Computacenter: Sometimes I really don't understand the stock market. The current share price of 1356p is now below the level it reached right before the last update (on July 12) indicating the results would be comfortably ahead of expectations! I suppose the problem is that these H1 results, with profits up by 24%, were expected while H2 will find it tough to beat a very strong second half last year. Still market conditions are buoyant with demand in the areas of network capacity, cyber security and workplace upgrades. Particular areas of growth appear to be to Technology Sourcing customers in Germany and France with Public Sector business driving sales along with high volumes from a specific data centre customer. There is some concentration risk here and it also seems that recruiting new personnel remains challenging and could lead to some curtailment in growth. So it's fair to say that while the group is performing well overall there are several areas where the business is under-performing and the board is focusing its attention. I'm not too worried about this though as the directors seem pretty on-the-ball given the level of detail covered in these interim results. (Results)

End of month summary

Given that my hand was a long way from the tiller this month it's quite interesting to review my holdings and see what I missed. Most impressive is the near 20% drop from Impax Asset Management on no news whatsoever. This could just be a pull-back after the 34% rise last month I suppose. Similar drops for Plus 500 and Computacenter have been covered above but double-digit drops from XP Power and Boohoo remain a mystery to me. On the upside Games Workshop powered ahead by almost 20% while Focusrite and a handful of other holdings put in solid positive performances.

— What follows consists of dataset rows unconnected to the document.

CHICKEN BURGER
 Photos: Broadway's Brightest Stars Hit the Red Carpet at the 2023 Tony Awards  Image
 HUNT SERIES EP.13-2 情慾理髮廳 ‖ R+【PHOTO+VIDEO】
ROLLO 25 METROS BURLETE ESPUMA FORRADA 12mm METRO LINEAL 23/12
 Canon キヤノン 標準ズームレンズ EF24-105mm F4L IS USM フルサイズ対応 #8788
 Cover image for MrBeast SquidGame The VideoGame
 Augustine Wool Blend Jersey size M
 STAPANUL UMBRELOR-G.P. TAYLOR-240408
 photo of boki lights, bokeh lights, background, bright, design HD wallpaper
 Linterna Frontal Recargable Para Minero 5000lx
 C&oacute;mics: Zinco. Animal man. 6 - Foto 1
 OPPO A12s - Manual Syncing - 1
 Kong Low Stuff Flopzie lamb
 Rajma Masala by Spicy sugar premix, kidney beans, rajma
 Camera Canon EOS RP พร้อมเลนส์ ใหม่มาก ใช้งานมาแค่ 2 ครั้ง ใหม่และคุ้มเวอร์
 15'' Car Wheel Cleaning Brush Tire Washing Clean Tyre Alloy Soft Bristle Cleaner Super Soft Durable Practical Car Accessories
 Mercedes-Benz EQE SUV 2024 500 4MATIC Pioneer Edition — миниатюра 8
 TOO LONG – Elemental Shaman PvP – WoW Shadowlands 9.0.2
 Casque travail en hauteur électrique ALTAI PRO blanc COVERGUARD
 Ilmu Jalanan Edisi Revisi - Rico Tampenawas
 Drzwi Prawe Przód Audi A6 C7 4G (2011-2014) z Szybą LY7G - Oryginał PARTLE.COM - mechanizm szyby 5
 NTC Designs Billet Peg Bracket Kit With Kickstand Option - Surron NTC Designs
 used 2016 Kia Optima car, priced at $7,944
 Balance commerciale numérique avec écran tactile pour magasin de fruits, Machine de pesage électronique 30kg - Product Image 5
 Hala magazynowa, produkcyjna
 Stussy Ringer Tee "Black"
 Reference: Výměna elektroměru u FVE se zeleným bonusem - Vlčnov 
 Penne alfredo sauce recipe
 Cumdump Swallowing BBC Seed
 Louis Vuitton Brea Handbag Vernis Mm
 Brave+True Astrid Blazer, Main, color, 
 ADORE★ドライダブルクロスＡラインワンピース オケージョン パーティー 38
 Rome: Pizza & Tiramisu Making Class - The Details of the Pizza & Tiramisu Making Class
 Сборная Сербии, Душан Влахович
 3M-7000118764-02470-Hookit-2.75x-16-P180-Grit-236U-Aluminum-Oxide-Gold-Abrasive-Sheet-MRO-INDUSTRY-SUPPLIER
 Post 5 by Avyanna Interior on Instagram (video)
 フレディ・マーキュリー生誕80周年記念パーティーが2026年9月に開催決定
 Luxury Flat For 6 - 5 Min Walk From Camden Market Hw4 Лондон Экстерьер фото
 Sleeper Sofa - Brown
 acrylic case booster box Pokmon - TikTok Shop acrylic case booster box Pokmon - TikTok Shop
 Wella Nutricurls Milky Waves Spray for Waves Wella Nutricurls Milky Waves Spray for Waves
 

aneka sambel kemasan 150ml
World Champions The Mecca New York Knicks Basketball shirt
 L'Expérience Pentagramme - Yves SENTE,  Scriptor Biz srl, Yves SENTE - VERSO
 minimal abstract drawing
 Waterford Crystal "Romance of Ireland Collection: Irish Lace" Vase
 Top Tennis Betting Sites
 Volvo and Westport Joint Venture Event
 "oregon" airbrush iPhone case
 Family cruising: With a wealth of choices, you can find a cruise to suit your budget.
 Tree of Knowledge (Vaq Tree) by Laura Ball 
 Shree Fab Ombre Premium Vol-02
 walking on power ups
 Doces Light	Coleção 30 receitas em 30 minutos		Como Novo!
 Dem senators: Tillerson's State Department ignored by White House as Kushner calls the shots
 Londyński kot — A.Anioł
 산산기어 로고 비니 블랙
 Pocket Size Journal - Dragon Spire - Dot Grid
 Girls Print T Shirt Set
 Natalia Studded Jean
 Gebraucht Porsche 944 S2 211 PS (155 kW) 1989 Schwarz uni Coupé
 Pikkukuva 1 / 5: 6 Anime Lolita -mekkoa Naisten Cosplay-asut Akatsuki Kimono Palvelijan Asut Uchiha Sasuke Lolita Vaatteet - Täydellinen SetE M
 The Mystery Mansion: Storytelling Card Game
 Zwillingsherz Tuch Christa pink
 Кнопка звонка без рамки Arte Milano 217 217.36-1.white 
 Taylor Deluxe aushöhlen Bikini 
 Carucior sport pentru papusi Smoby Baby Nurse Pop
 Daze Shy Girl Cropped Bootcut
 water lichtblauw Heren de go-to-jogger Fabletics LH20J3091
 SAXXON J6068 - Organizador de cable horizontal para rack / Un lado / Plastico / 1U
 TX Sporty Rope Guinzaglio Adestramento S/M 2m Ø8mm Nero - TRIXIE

Winning positions for the month: GAW 19%, TUNE 10%, KWS 9%, BUR 9%, GAMA 9%, RFX 7%, BMY 7%, DTG 6%, DOTD 5%, BOOT 3%, TET 3%, BOWL 2%, ACSO 2%, CAKE 2%, TAP 2%, LLPD 1%, SOM 1%

Losing positions for the month: BOI -1%, FDM -1%, PLP -1%, HAT -2%, RWA -2%, NRR -3%, CLG -4%, BOY -5%, III -5%, RM -6%, NXT -7%, PCA -8%, BOO -12%, CCC -13%, XPP -14%, PLUS -17%, IPX -19%

With all of this moving around in my positions it's not a huge surprise that the month came in flat with a marginal 0.3% rise. This edges up the YTD return to just over 12% which is all fine and dandy. I expect that things will start to get serious next week as the city fills up with well-rested traders thinking of their year-end bonuses. Hopefully they'll like the cut of some of my holdings and put in some serious purchases.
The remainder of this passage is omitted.